Found this piece in the Washington Post:
Stephen King, James Frey nominated for Bad Sex in Fiction Award
While not specifically about fantasy literature, I thought it might be interesting to readers of this blog, as there is certainly a lot of bad sex (and idiotic romance) in fantasy novels. I found Mark Charan Newton's sex scenes with Brynd in Nights of Villjamur and City of Ruin to be awkward. Alaya Dawn Johnson didn't handle the topic well in The Burning City (there was a sentence in one of the flashback scenes along the lines of "they had sex right there"). In The Serpent Bride by Sara Douglass, there's a lot of talk about "mounting" and such. While it may be a technically accurate term, it makes me think of dogs or horses or something, not people.
The examples I listed above are cases when I think the authors wanted to be serious; there are some sex scenes in other fantasy novels that are intended to have shock value (e.g. Richard K. Morgan's The Steel Remains and Joe Abercrombie's Best Served Cold) and I put them in a different class all together.
Linked to from the Washington Post piece is yet another article from The Guardian:
Why is there no good sex in fiction prize?

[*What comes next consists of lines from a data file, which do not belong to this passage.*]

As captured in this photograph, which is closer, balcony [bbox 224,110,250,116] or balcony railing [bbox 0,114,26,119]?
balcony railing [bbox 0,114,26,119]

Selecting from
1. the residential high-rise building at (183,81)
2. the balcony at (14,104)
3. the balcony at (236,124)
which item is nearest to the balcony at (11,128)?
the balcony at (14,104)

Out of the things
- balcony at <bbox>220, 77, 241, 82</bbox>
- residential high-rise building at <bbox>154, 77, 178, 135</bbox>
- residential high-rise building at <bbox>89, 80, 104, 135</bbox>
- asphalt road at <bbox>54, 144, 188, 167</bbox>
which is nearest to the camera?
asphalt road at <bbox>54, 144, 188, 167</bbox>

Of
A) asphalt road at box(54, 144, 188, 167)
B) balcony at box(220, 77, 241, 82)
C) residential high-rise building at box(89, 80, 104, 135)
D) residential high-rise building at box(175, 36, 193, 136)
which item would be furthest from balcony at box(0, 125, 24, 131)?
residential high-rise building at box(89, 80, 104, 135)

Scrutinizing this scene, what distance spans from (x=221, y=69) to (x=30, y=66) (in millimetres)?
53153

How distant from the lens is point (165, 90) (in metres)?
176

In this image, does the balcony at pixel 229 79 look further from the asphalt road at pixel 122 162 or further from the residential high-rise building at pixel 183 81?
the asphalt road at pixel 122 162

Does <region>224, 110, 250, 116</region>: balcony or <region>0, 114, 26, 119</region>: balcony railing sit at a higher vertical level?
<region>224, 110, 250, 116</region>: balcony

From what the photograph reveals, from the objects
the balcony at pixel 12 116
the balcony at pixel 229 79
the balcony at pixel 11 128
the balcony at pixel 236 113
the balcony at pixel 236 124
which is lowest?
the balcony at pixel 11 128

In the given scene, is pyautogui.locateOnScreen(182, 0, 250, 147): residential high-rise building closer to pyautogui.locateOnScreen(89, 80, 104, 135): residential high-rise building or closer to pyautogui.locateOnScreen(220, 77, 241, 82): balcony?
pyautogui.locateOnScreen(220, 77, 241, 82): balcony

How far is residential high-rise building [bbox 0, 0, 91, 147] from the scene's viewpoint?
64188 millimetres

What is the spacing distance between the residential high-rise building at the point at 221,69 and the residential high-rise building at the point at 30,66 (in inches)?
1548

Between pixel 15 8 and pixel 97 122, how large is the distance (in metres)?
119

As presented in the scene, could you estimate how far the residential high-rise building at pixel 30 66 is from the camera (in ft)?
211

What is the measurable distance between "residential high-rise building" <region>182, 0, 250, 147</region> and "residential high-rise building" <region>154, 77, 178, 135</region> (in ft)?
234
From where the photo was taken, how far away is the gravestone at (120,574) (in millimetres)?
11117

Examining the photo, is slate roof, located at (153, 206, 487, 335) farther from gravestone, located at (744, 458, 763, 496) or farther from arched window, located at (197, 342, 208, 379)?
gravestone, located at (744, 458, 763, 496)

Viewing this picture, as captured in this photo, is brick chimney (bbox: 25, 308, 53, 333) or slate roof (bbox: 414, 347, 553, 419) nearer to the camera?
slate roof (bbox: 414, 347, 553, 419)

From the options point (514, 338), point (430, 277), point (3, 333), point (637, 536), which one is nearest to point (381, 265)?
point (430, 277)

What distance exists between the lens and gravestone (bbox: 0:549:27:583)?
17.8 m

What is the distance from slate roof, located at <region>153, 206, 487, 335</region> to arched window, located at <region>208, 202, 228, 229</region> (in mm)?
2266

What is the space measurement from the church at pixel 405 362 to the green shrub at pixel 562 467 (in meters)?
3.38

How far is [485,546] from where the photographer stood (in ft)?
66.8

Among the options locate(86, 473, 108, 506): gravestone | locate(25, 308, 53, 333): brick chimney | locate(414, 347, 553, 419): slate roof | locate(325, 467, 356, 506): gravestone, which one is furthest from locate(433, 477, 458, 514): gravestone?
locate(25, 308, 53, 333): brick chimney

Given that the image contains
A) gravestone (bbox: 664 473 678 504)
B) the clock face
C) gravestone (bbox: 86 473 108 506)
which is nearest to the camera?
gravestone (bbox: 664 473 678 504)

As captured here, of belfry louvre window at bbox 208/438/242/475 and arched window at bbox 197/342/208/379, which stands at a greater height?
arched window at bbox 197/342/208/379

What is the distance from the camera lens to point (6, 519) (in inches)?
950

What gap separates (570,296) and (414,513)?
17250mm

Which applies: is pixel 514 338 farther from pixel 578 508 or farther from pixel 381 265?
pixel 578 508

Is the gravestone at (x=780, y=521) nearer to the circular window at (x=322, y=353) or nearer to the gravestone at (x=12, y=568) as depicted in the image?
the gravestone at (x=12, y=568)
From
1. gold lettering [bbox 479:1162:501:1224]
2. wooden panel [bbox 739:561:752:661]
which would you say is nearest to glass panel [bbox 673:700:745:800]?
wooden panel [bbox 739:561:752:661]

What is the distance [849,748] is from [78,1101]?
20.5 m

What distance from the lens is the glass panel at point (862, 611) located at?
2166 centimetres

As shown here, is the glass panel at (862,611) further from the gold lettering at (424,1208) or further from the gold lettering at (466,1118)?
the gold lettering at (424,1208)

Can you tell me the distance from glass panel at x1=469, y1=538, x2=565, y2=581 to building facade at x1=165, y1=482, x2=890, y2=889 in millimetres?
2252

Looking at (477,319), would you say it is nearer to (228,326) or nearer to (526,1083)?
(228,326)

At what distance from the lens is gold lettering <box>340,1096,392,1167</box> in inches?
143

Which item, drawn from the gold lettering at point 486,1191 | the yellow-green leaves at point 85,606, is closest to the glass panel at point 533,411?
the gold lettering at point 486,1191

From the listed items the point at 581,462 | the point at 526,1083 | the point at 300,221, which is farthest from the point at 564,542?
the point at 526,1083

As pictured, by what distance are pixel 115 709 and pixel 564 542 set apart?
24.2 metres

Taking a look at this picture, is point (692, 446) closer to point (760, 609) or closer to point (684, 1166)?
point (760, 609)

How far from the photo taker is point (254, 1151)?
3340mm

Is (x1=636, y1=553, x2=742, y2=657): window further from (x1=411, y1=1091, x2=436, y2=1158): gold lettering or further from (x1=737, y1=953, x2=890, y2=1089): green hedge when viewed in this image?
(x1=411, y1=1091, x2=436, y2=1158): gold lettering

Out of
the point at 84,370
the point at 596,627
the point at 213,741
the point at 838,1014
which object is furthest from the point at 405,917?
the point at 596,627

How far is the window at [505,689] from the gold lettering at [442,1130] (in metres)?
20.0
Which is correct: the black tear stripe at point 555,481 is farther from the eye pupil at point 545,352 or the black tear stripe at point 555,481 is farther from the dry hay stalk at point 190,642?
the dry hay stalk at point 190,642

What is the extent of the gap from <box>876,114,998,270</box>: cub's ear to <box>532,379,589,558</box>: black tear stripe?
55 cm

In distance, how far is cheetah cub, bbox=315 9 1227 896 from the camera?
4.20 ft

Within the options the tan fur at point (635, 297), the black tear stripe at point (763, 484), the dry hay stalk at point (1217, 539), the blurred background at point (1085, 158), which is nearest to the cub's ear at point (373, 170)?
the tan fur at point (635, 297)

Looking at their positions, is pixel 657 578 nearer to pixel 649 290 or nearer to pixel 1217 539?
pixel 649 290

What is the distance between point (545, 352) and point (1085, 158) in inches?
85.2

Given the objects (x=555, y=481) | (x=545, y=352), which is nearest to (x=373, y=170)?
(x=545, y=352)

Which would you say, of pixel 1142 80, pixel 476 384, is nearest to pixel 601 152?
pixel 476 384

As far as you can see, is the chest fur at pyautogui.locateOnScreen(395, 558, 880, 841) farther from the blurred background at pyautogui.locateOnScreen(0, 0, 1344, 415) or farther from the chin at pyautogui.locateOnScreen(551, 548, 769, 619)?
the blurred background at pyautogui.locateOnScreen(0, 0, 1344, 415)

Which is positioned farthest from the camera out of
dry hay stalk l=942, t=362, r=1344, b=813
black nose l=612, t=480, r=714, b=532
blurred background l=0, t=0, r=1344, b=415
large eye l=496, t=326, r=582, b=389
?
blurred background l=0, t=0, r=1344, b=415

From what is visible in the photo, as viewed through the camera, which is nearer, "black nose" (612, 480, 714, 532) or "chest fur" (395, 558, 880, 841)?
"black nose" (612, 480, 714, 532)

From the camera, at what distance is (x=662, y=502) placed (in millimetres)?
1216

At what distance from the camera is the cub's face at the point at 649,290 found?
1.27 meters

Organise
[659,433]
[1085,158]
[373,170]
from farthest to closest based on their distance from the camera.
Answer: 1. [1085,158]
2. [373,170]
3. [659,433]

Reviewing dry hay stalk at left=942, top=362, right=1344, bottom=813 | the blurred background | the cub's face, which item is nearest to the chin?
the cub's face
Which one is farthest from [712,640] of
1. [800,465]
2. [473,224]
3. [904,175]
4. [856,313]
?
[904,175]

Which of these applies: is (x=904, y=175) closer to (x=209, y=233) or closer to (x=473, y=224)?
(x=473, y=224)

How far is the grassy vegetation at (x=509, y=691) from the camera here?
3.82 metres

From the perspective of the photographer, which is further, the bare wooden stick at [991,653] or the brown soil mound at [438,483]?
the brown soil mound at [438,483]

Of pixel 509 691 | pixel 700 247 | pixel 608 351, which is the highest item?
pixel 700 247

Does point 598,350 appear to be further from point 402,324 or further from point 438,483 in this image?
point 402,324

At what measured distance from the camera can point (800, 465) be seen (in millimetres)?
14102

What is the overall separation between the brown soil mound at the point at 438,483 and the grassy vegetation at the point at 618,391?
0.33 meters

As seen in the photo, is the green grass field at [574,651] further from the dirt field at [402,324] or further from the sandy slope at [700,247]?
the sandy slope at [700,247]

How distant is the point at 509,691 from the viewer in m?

Some interesting points are made in both; I particularly like the discussion of how prizes are given out in individual categories (best fantasy novel, best travelogue, etc.) of literature but not for writing about certain things -- best sex, best description of a sunset, etc. Because some fantasy writers definitely ARE better than others at describing battles, coming up with magic systems, describing travel, etc.
I'd like to add my own category; best description of food or a meal without being completely boring. Some offenders immediately come to mind: George R.R. Martin and L.E. Modesitt, Jr. (And J.V. Jones is certainly good at describing one man's disgusting eating habits in the Book of Words series -- an impression is conveyed, though I'm not sure what it is.)
Anyway, something to think about, I suppose.